In the old days, the arguments for the invisible hand in the economy were that if you let entrepreneurs compete in a free market, they would devise clever and efficient ways to create, produce and deliver goods and services to consumers that would ultimately enhance their quality of life. That part is absolutely true, and the United States has done that very successfully. The free market does work in accomplishing that, but what we’re seeing now is something beyond what those old-school economists could have ever conceived. We’re seeing an economy that is increasingly based on goods and services that do not add to the quality of consumers’ lives but rather take away from it. We’re seeing entrepreneurs and creative, clever people finding new ways to market products that harm people and calling that profitability or economic growth.
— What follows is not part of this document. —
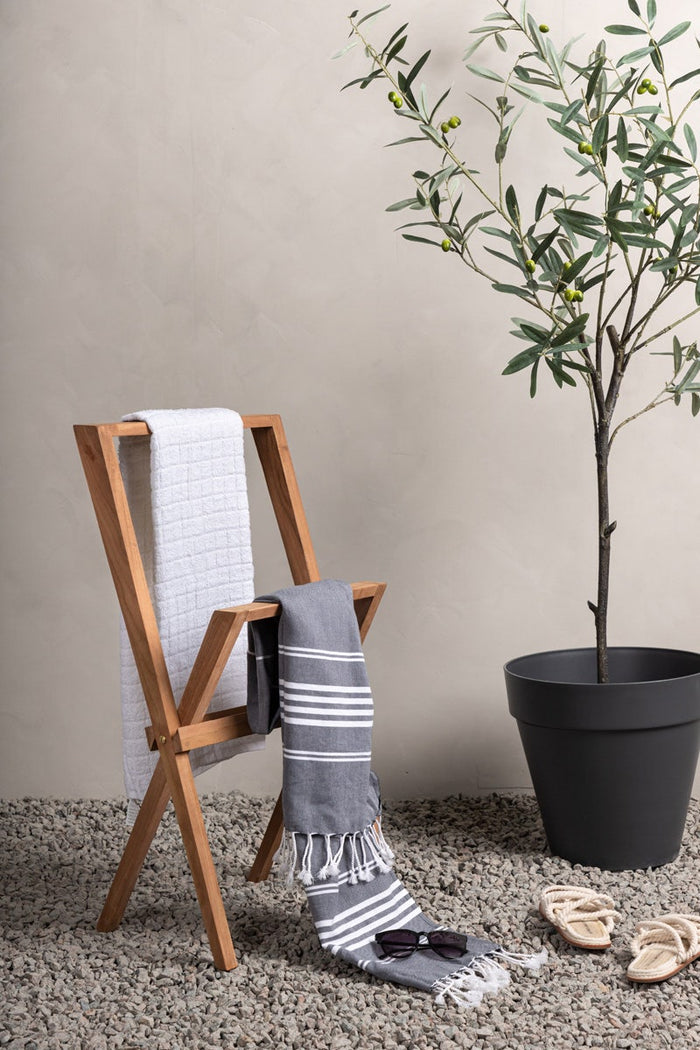 Nest living Frida houten kledingrek naturel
We see this quite blatantly in the drug industry, where creative marketers keep coming up with new, absurd ways to sell drugs to people through direct-to-consumer advertising on television. Some of these ads are absolutely idiotic in what they are promising. Yet, they are effective in creating demand. They sell products, but these products do not help consumers.

We also see a lot of products being marketed and sold to consumers that may give them very short-term benefits — such as the taste of a hamburger or the taste of french fries, which lasts about 10 seconds — but has long-term detrimental consequences, like obesity, heart disease, brain disorders, cancer and diabetes. These diseases largely come about as a result of long-term consumption of nutritionally depleted foods.